__Task item__. Every line from the one with "this 672×446 image." through the end of the material should be written out character for character. Lines before it are excluded.

--- Data for the task ---

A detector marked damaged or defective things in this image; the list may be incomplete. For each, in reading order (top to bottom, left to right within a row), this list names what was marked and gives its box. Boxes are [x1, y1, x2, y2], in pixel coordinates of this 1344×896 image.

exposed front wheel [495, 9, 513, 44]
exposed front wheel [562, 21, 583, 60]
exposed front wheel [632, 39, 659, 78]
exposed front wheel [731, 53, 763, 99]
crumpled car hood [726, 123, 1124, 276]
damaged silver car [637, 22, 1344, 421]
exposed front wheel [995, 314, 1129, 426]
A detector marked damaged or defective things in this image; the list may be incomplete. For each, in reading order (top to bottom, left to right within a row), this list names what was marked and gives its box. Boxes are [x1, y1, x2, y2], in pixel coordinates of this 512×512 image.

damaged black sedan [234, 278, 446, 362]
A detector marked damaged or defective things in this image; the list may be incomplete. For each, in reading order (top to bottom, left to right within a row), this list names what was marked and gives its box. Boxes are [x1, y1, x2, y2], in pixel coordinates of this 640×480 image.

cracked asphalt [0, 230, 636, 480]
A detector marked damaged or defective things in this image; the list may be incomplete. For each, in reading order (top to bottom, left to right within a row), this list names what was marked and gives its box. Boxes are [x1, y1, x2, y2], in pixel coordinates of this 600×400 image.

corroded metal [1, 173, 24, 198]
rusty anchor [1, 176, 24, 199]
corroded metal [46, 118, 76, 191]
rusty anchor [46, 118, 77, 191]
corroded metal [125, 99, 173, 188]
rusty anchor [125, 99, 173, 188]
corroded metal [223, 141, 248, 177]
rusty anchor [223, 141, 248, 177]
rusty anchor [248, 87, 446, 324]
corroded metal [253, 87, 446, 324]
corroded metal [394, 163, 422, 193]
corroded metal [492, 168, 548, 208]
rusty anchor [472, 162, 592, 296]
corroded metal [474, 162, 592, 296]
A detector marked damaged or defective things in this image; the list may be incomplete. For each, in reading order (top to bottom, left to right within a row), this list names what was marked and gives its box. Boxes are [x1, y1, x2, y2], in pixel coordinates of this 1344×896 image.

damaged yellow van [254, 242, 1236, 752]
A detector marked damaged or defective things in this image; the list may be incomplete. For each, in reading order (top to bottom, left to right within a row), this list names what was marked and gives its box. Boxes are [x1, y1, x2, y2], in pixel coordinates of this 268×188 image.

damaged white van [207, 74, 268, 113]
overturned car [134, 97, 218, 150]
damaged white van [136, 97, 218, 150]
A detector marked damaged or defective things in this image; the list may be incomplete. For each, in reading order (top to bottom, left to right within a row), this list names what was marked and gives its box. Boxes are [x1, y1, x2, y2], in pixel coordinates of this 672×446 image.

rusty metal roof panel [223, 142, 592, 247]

---

__Output below__.
A detector marked damaged or defective things in this image; the list may be incomplete. For each, in reading order (top to bottom, left to right within a row), this list names what was marked and gives its box. Boxes are [x1, y1, x2, y2], in pixel coordinates of this 672×446 image.

rusty metal roof panel [223, 142, 592, 247]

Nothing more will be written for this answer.